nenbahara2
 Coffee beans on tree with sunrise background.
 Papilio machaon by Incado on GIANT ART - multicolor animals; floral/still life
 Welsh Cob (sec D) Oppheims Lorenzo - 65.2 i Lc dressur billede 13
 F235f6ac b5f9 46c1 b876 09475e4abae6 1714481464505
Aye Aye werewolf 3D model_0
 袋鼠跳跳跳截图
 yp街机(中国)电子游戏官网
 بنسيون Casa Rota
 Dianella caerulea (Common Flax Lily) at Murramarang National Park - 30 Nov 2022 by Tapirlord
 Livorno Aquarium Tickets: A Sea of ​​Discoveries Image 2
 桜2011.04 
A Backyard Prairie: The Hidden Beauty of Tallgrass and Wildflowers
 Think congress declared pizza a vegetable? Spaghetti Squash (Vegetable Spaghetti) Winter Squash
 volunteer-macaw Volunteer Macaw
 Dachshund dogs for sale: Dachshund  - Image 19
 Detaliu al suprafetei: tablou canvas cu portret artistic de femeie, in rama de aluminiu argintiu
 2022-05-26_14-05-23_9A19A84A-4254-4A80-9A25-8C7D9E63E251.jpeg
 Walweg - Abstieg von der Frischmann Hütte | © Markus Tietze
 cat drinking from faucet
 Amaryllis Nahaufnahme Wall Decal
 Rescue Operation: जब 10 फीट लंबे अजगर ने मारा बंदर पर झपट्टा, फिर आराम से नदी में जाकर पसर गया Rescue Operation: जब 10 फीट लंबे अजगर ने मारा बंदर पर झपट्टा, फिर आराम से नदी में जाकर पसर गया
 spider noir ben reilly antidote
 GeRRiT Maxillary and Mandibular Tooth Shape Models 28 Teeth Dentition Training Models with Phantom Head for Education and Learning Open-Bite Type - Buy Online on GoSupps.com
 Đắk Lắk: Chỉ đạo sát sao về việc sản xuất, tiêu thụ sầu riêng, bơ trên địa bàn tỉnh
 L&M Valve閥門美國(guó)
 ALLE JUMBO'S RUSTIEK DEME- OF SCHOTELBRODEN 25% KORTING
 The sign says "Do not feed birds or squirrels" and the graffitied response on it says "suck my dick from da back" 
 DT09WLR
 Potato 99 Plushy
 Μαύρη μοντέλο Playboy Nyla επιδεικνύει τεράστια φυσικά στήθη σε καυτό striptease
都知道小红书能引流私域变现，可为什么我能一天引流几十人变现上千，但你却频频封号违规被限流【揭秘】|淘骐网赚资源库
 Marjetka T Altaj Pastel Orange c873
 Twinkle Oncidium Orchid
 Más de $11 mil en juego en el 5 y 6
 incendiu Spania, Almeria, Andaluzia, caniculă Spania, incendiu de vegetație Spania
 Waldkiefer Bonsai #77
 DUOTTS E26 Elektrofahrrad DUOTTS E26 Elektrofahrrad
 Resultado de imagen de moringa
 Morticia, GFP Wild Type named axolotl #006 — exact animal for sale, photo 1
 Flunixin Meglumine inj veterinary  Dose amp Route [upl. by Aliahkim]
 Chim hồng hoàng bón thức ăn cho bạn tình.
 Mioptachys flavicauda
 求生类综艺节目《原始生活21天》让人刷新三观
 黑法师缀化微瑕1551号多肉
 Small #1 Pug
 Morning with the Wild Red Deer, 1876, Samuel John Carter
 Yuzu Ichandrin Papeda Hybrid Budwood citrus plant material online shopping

════════

### GOAL OF THE EXERCISE
Would you write the material out again, exactly as given above?

### FINAL ANSWER
nenbahara2
 Coffee beans on tree with sunrise background.
 Papilio machaon by Incado on GIANT ART - multicolor animals; floral/still life
 Welsh Cob (sec D) Oppheims Lorenzo - 65.2 i Lc dressur billede 13
 F235f6ac b5f9 46c1 b876 09475e4abae6 1714481464505
Aye Aye werewolf 3D model_0
 袋鼠跳跳跳截图
 yp街机(中国)电子游戏官网
 بنسيون Casa Rota
 Dianella caerulea (Common Flax Lily) at Murramarang National Park - 30 Nov 2022 by Tapirlord
 Livorno Aquarium Tickets: A Sea of ​​Discoveries Image 2
 桜2011.04 
A Backyard Prairie: The Hidden Beauty of Tallgrass and Wildflowers
 Think congress declared pizza a vegetable? Spaghetti Squash (Vegetable Spaghetti) Winter Squash
 volunteer-macaw Volunteer Macaw
 Dachshund dogs for sale: Dachshund  - Image 19
 Detaliu al suprafetei: tablou canvas cu portret artistic de femeie, in rama de aluminiu argintiu
 2022-05-26_14-05-23_9A19A84A-4254-4A80-9A25-8C7D9E63E251.jpeg
 Walweg - Abstieg von der Frischmann Hütte | © Markus Tietze
 cat drinking from faucet
 Amaryllis Nahaufnahme Wall Decal
 Rescue Operation: जब 10 फीट लंबे अजगर ने मारा बंदर पर झपट्टा, फिर आराम से नदी में जाकर पसर गया Rescue Operation: जब 10 फीट लंबे अजगर ने मारा बंदर पर झपट्टा, फिर आराम से नदी में जाकर पसर गया
 spider noir ben reilly antidote
 GeRRiT Maxillary and Mandibular Tooth Shape Models 28 Teeth Dentition Training Models with Phantom Head for Education and Learning Open-Bite Type - Buy Online on GoSupps.com
 Đắk Lắk: Chỉ đạo sát sao về việc sản xuất, tiêu thụ sầu riêng, bơ trên địa bàn tỉnh
 L&M Valve閥門美國(guó)
 ALLE JUMBO'S RUSTIEK DEME- OF SCHOTELBRODEN 25% KORTING
 The sign says "Do not feed birds or squirrels" and the graffitied response on it says "suck my dick from da back" 
 DT09WLR
 Potato 99 Plushy
 Μαύρη μοντέλο Playboy Nyla επιδεικνύει τεράστια φυσικά στήθη σε καυτό striptease
都知道小红书能引流私域变现，可为什么我能一天引流几十人变现上千，但你却频频封号违规被限流【揭秘】|淘骐网赚资源库
 Marjetka T Altaj Pastel Orange c873
 Twinkle Oncidium Orchid
 Más de $11 mil en juego en el 5 y 6
 incendiu Spania, Almeria, Andaluzia, caniculă Spania, incendiu de vegetație Spania
 Waldkiefer Bonsai #77
 DUOTTS E26 Elektrofahrrad DUOTTS E26 Elektrofahrrad
 Resultado de imagen de moringa
 Morticia, GFP Wild Type named axolotl #006 — exact animal for sale, photo 1
 Flunixin Meglumine inj veterinary  Dose amp Route [upl. by Aliahkim]
 Chim hồng hoàng bón thức ăn cho bạn tình.
 Mioptachys flavicauda
 求生类综艺节目《原始生活21天》让人刷新三观
 黑法师缀化微瑕1551号多肉
 Small #1 Pug
 Morning with the Wild Red Deer, 1876, Samuel John Carter
 Yuzu Ichandrin Papeda Hybrid Budwood citrus plant material online shopping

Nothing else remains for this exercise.